Are posts that were classified as a particular topic having their individual sentences put in the outlier category? Yes! A quick glance at the first row of our contingency_table tells us that a large number of sentences from every post level topic are being classified as outliers after sentence token level topic modelling.
Are sentences from certain topics tending to go to the same topic after tokenisation into sentences? In a lot of cases, yes eg. we looked at how topic 1 at the sentnece token level seems to correspond relatively well with topic 2 at the post level and topic 3 at the sentence token level corresponds best with topic 8 at the post level.
Should we tokenise our data into sentences? The big draw back of tokenising data for the purpose of modelling on smaller text chunks is processing time, it massively increases the dimensions of our embeddings (it more than doubled here).

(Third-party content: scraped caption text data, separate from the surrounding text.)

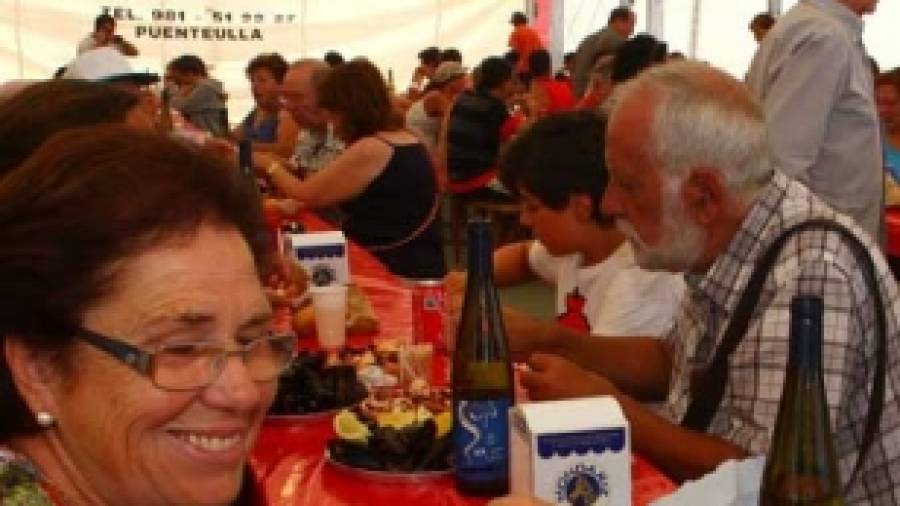 La gastronomía y la artesanía triunfan en la Festa do Polbo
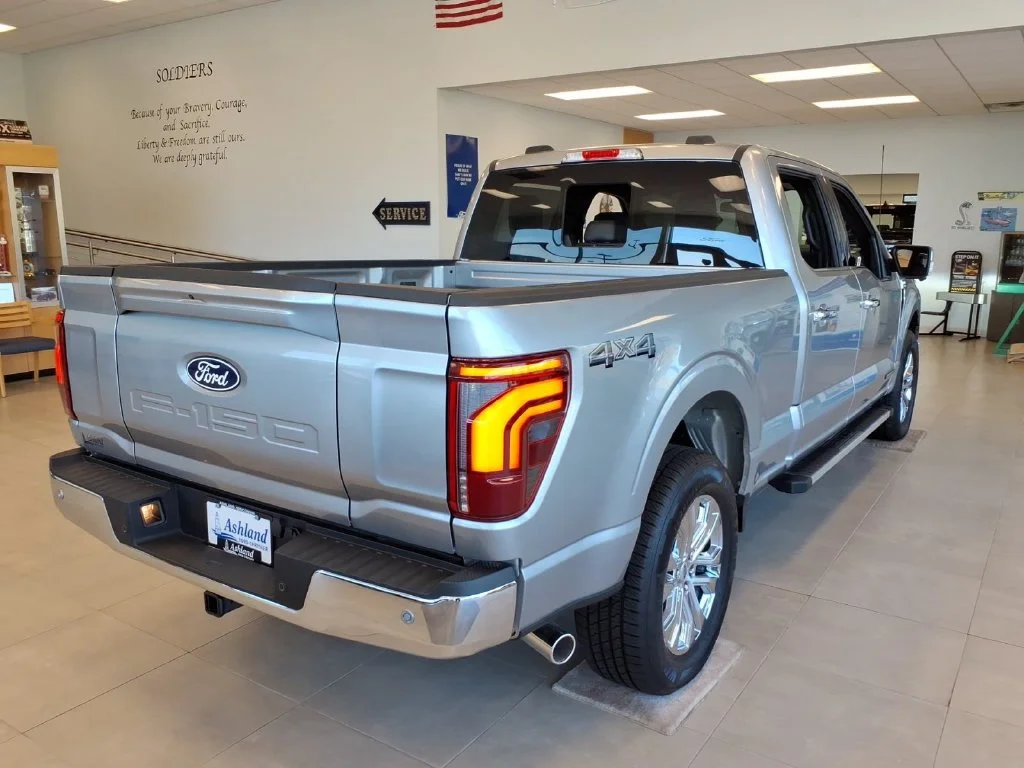 New 2026 Silver Ford Lariat image 7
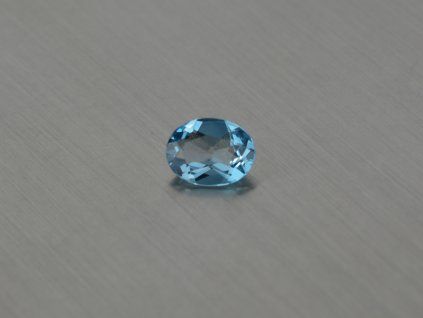 Topaze naturelle ovale 6x8 mm london blue facettée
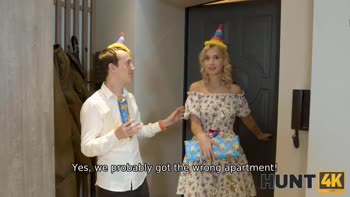 Honey's Russian Anal Bliss: Cuckolded Hubby Watches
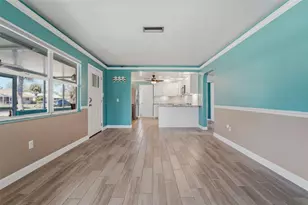 2400 Pine Ct, Nokomis, FL 34275 - Photo 9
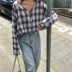 Mùa thu Hàn Quốc phụ nữ chic lỏng mỏng V-Cổ kẻ sọc dài tay áo sơ mi đơn ngực hoang dã mặt trời áo bảo vệ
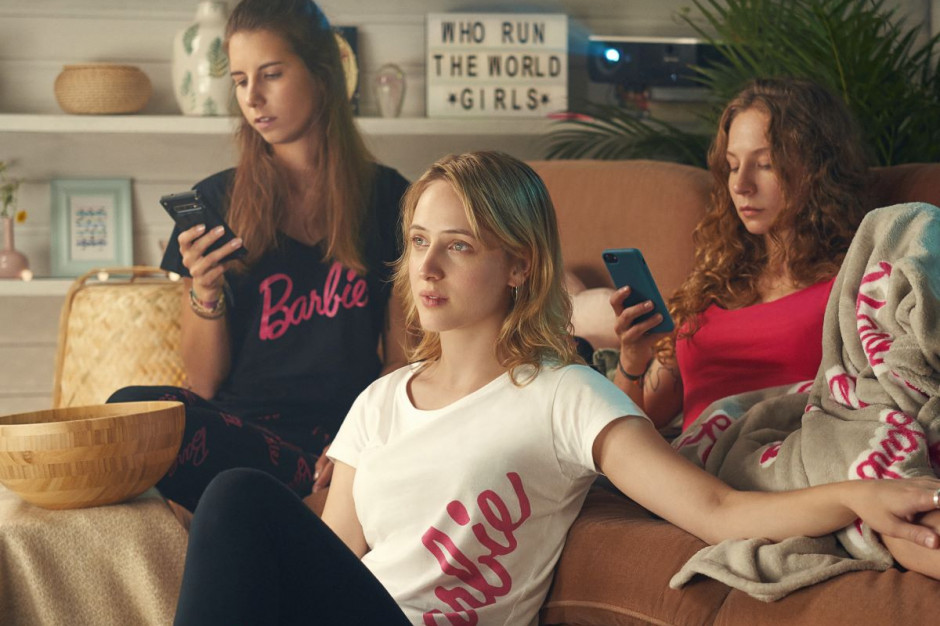 Biedronka rusza ze sprzedażą ubrań i lalek z logo Barbie, fot. materiały prasowe Biedronka rusza ze sprzedażą ubrań i lalek z logo Barbie
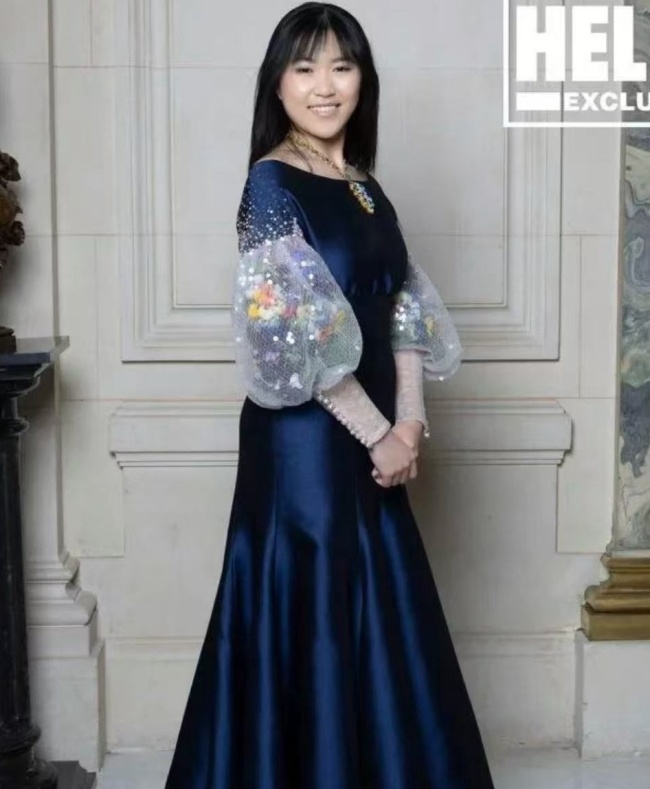 张艺谋一家现身巴黎名媛舞会 女儿首次亮相引发关注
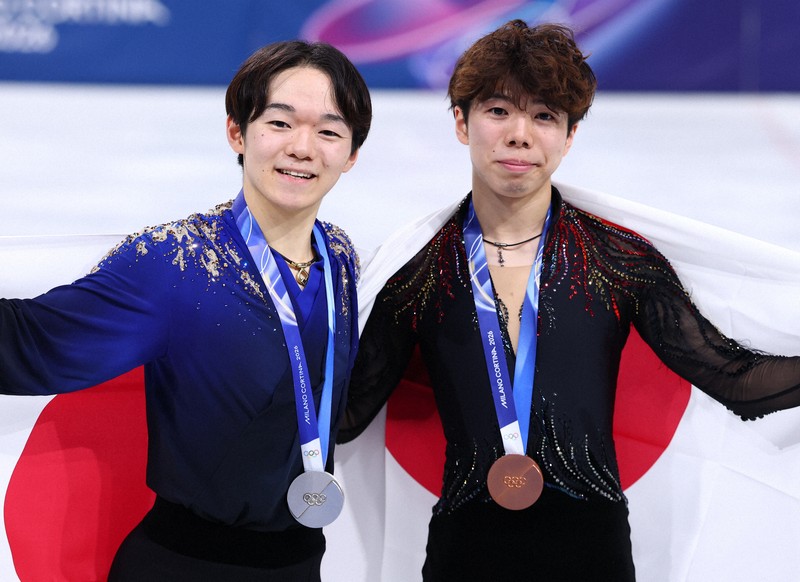 リンクサイド：銀メダルの鍵山優真「全部転んだとしても…」 五輪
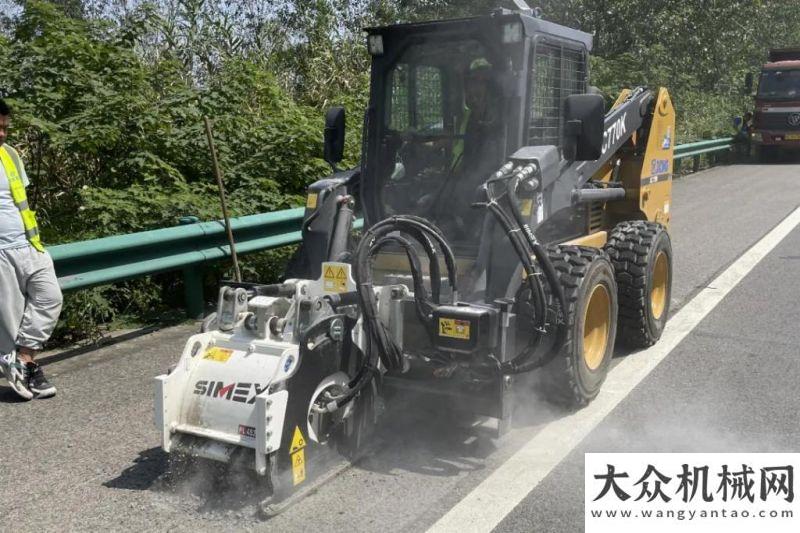 政道德講堂跨界出圈！徐工滑移裝載機(jī)驚艷道路養(yǎng)護(hù)領(lǐng)域西筑公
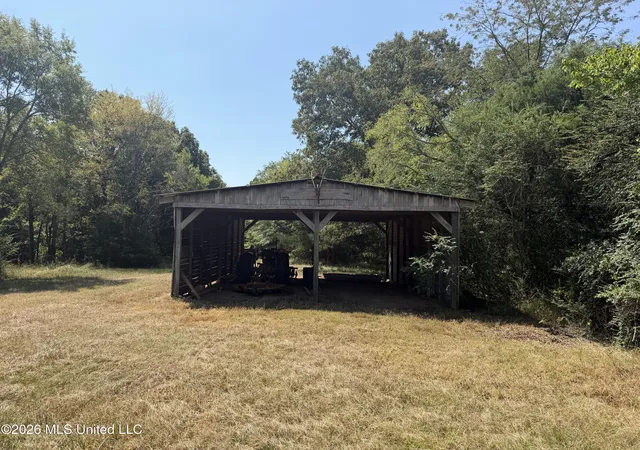 Photo 3 of Sale Pending at 390 Springfield Rd, Senatobia, MS 38668 | MLS# 4160783 | Listing updated on 2026-09-04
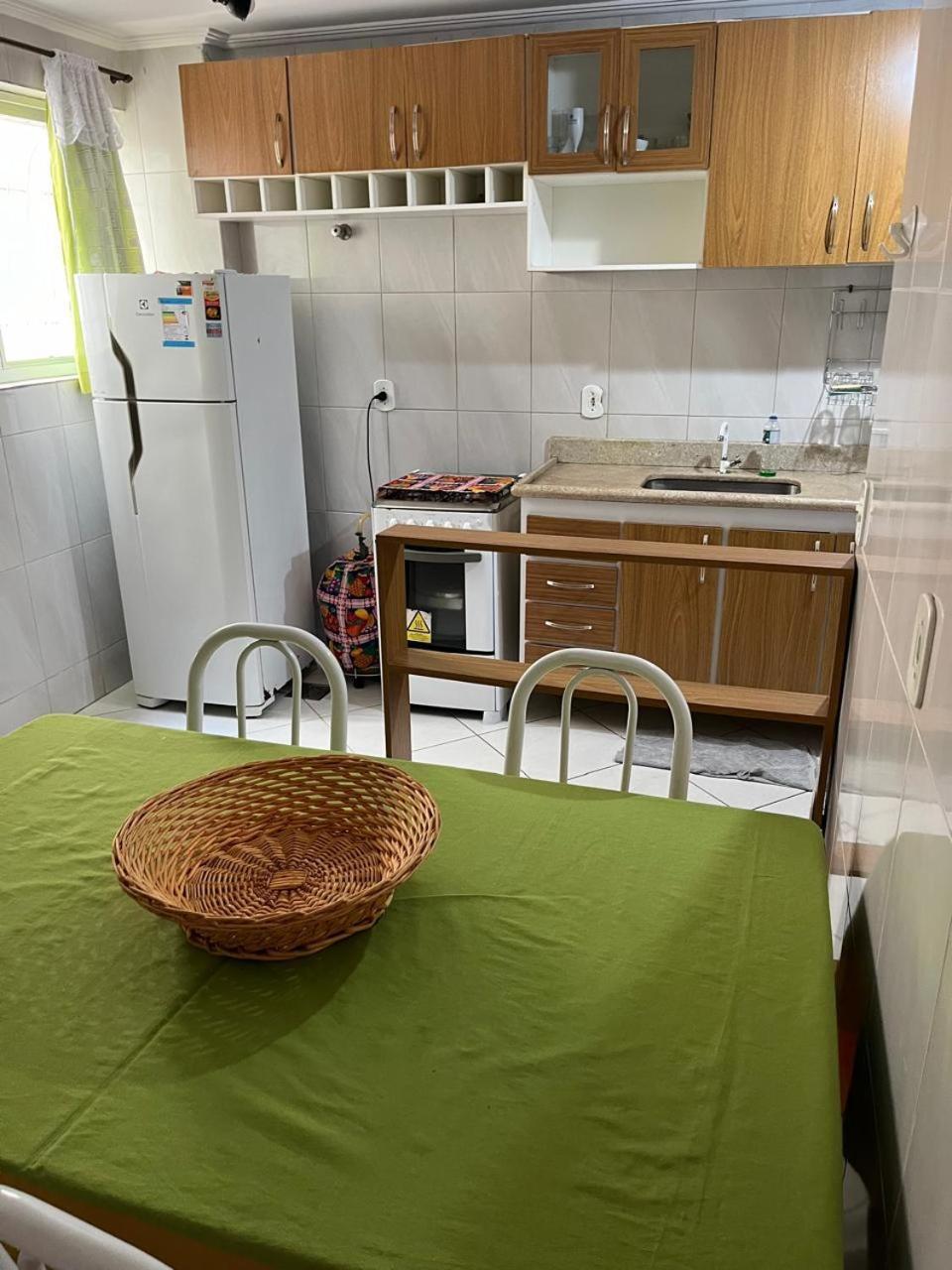 Apartamento Na Praia Do Morro グアラパリー エクステリア 写真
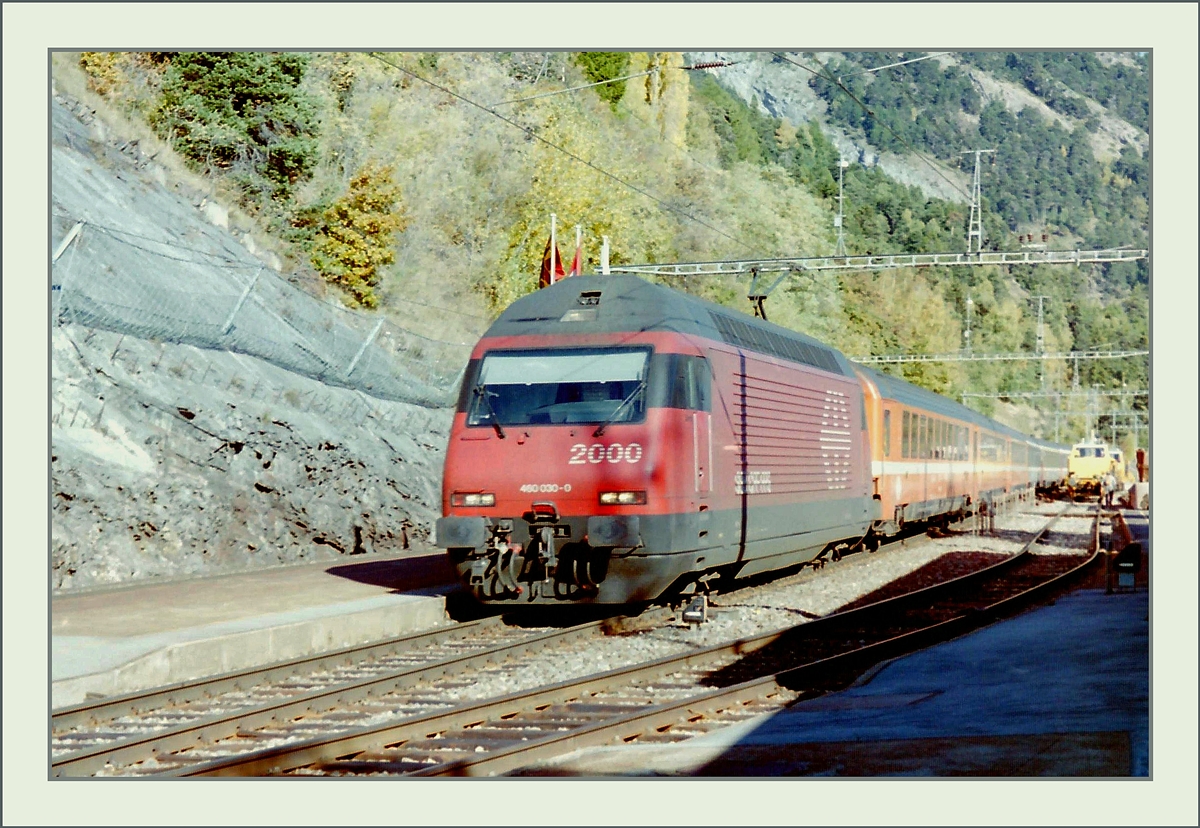 The SBB Re 460 wiht an EC from Milano to Bern in Hohtenn. 

Analog picture from 10/1995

If we want to embed in r, this is not really feasible, if we are happy to embed using colab and load results into r, it only takes a few minutes and shouldn’t be a barrier. Tokenising data into sentences can really only improve our results by granulising them, however one question is how we would deal with posts that fall into multiple topics in terms of presenting them to a client. Another big advantage of tokenising data into sentences is that when you only have to scan one sentence, it makes it a lot easier for us as users to interpret data and understand what topics are about.
Is there different results when embedding lowercase vs standard case data? Lowercasing the data does not appear to affect the identification of clusters, but does disagree on what is classified as an outlier. It seems that there has been consistent disagreement on outliers across this analysis and without a ground truth it is tough to say what best practice would be.
Should we remove mentions? The quick analysis above would suggest that sometimes things are grouped based on mentions. This may not always be a bad things and maybe sometimes it makes sense to form a topic around a mention. Removing mentions didn’t seem to alter our results too much and so if you feel it makes sense to remove them for your dataset, it should be ok to do.
Other comments: There has been consistent disagreement on outliers across this analysis. Without a ground truth it is impossible to say definitively what should and should not be an outlier and so the biggest takeaway for me is to be conscious when performing topic modelling and changing the outlier definition.